I have been a person of Faith for 45 years. I was the Sacred’s from the beginning but then in 1971 I found out that the Sacred truly loved me and wanted a relationship with me and that was when I realized my salvation. Since then, I have been a person of Faith. Little did I know that it was not a one time gift, but something that takes a great deal of work.

I was thinking this morning, where did I learn that faith was a one time thing that was the perfect gift given and that if it wasn’t perfect, it was my fault because I was too sinful. I have heard so many sermons over the years where all of the wonders of faith were explained and all of the pains of lack of faith also explained. However, in none of those sermons, including a good number that I delivered myself, did I ever hear that faith was something you work on daily, that Paul was right, “work out your own salvation in fear and trembling”.

Then, I read some lines by Carl McColman, a wonderful author and a Lay Cistercian of the Holy Spirit Abbey in Georgia. McColman writes, “Our faith matters because it invites us to remember our identity……faith invites us back to that place where we shine like the sun”. So to be a person of faith is to practice it every day, to develop those habits that keep us faithful. Like praise, prayer, humility, gratitude. So why aren’t more sermons about  the skills to grow in faith and that being faithful always brings us back to being Abba’s child?

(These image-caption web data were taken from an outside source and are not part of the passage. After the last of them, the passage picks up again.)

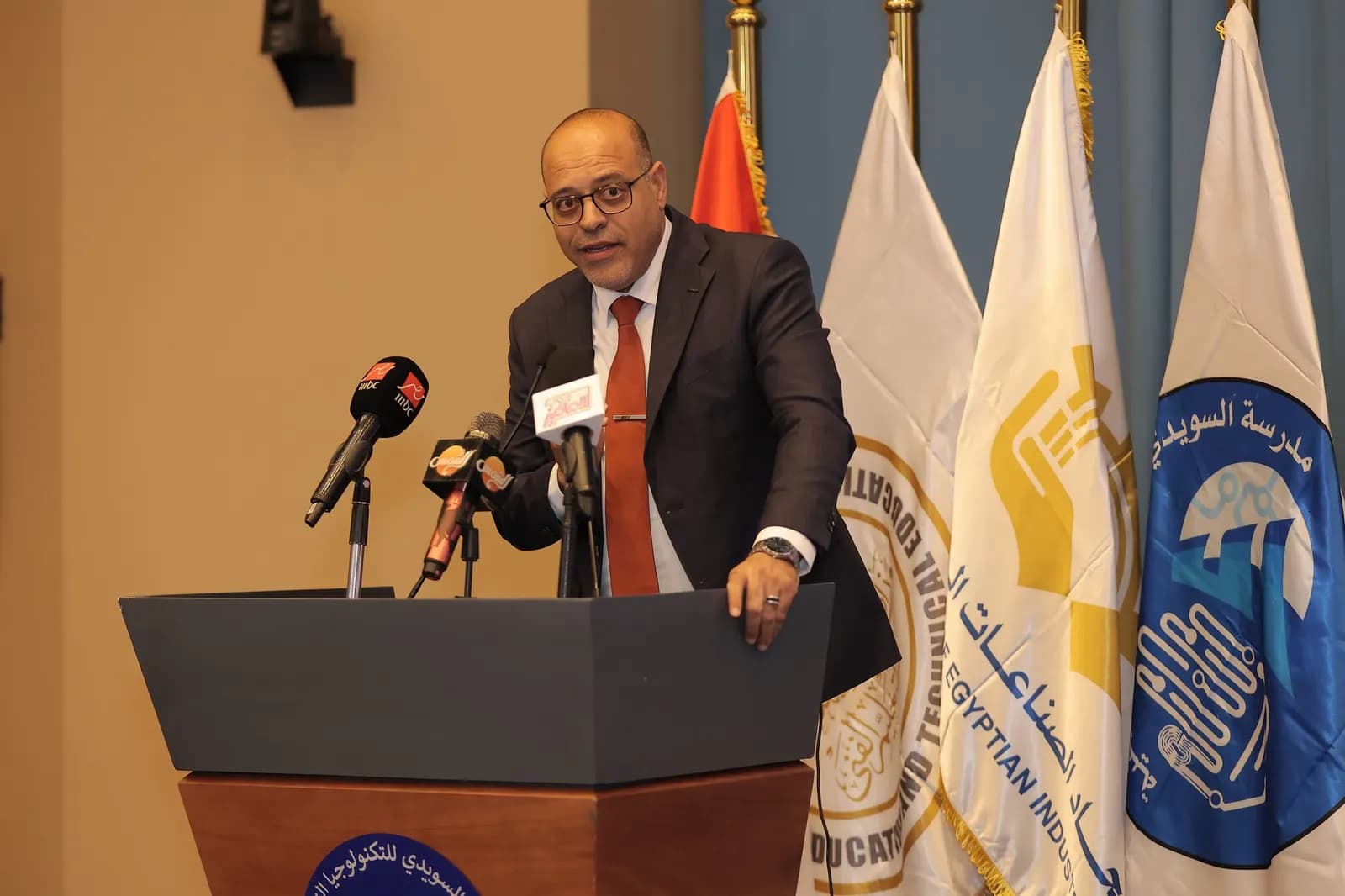 مدارس التكنولوجيا التطبيقية 8
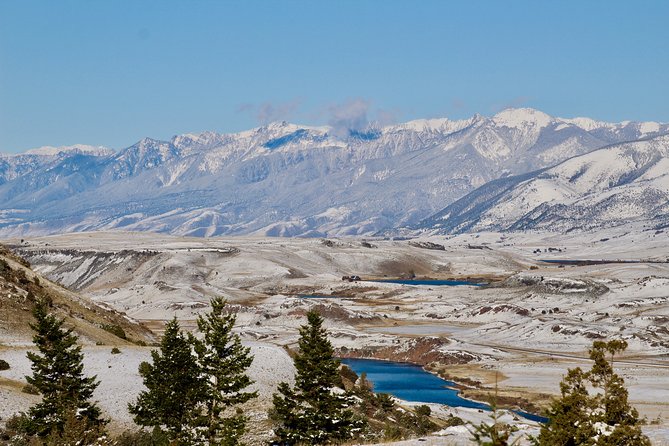2-Day Yellowstone National Park Upper and Lower Loop Exploration - Guides and Group Energy: Why the Right Person Matters Here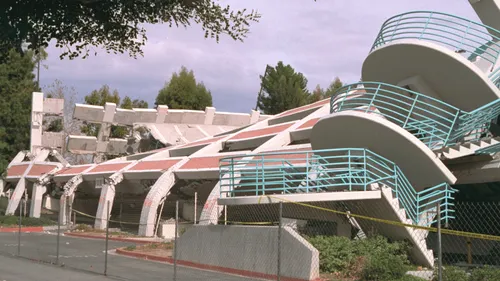 1994 Northridge Earthquake damage - image ktla.com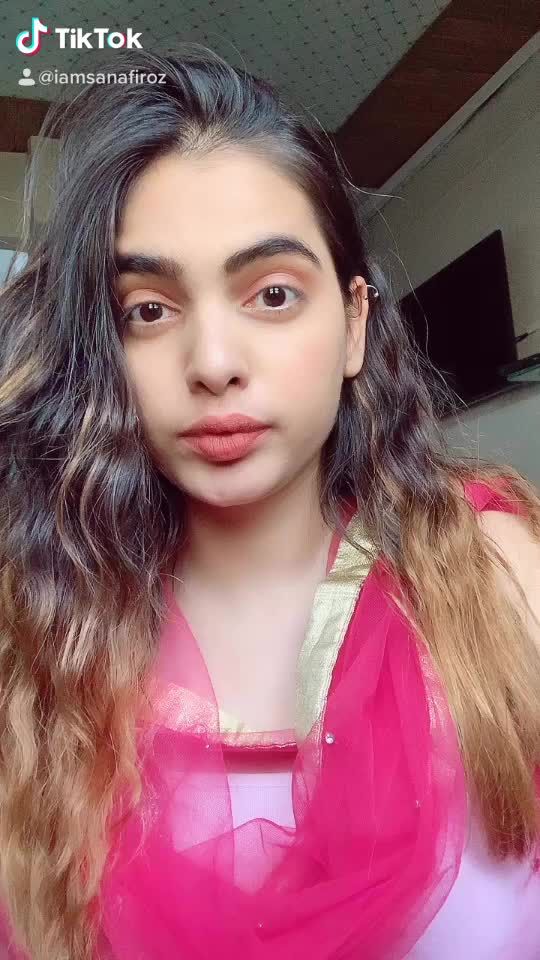 @Iamsana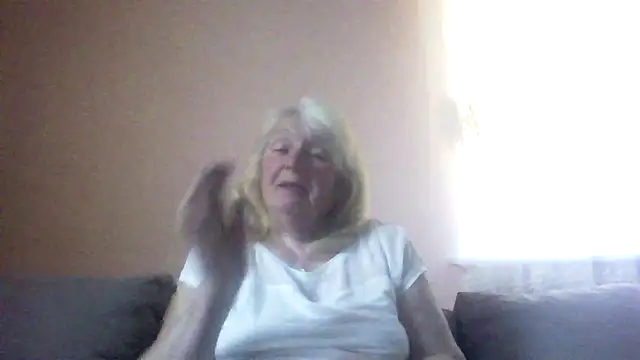 Snapshot of AmyLove353 chatting on May 20, 2026, 3:36 am AmyLove353 online show from May 20, 2026, 3:36 am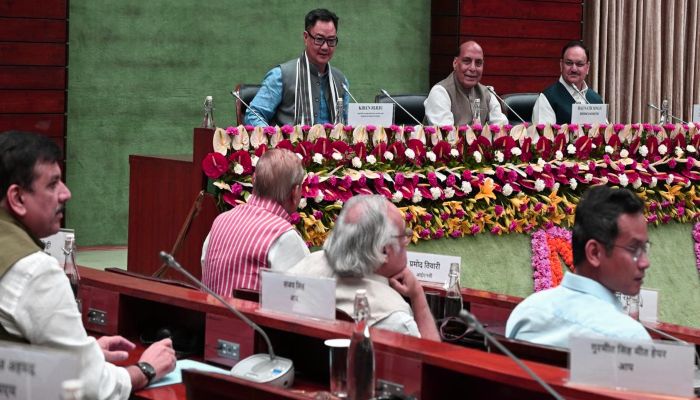 Budget 2026: बजट से पहले हुई सर्वदलीय बैठक, किरेन रिजिजू ने विपक्ष से की सहयोगी की अपील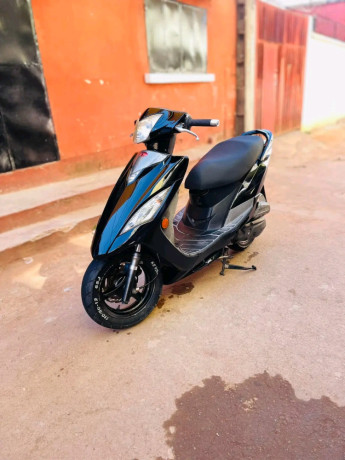 scooter-kymco-g5-150-injection-en-excellent-etat-big-2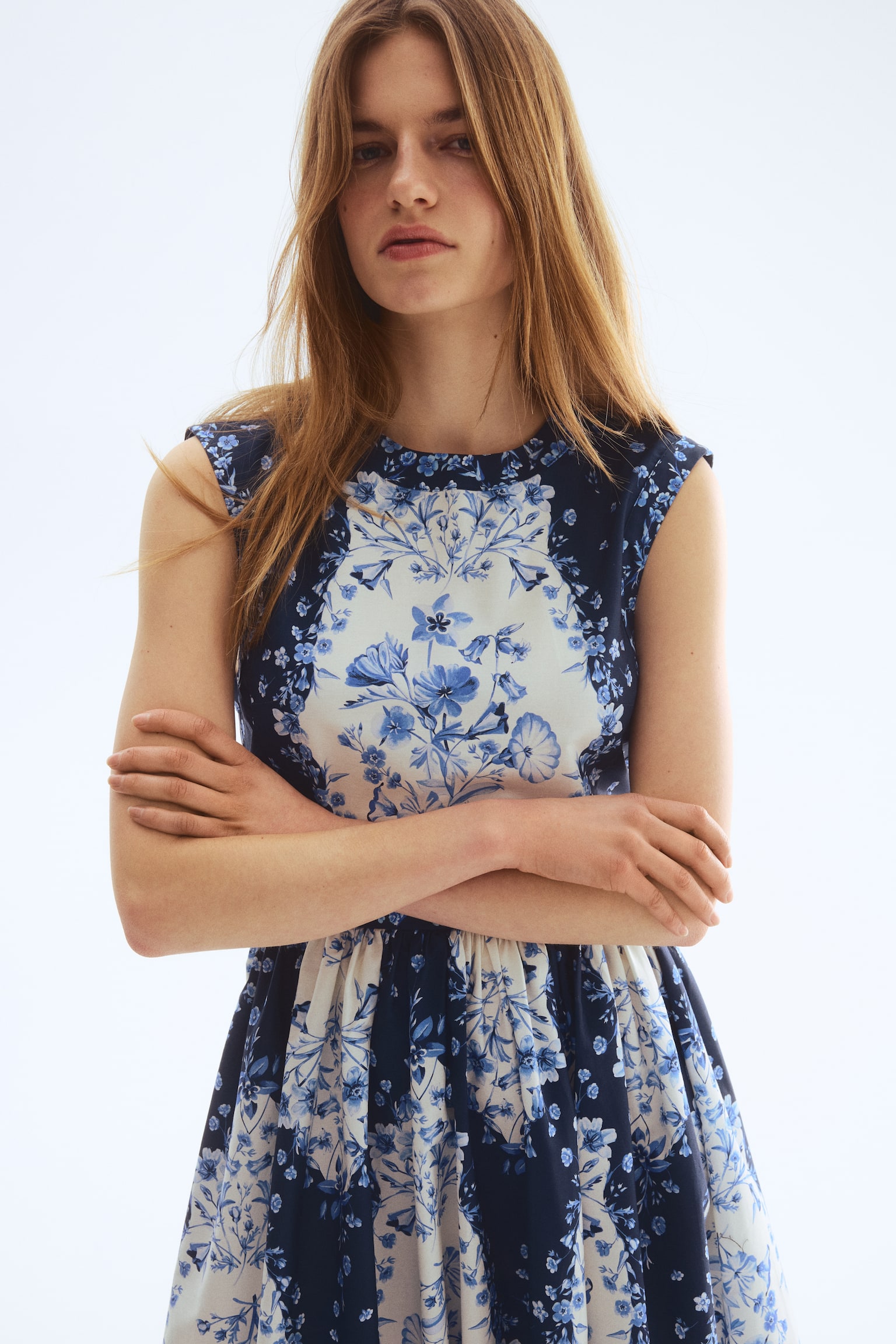 Vestido em popelina com saia rodada - Azul marinho/Floral azul - 6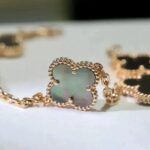 [Eternal Jewelry]CLOVER 5 MOTIF GRAY MOP  BRACELET - Image 4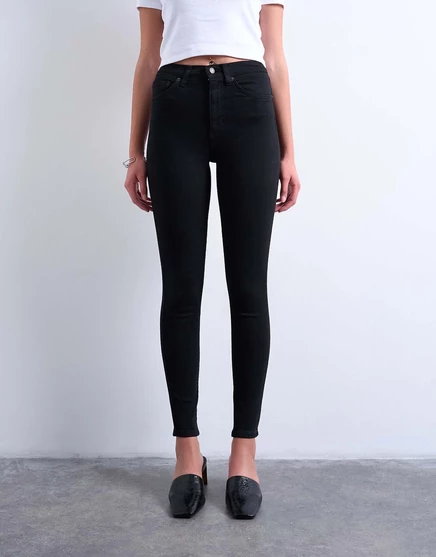 Черные зауженные джинсы Topshop Jamie с высокой посадкой black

I think we want easy answers, ones that are the same every time. But Rohr has a good point, that is faith for the first part of life and it is immature and limiting. Faith, as it matures, calls us to see the world and ourselves the way the Sacred does, each of us as joyous and beautiful lights shining for all the world to see. That is easy to write, difficult for me to believe about myself, but I am trying. I am practicing at my faith every day. It is the journey, not the destination that matters after all.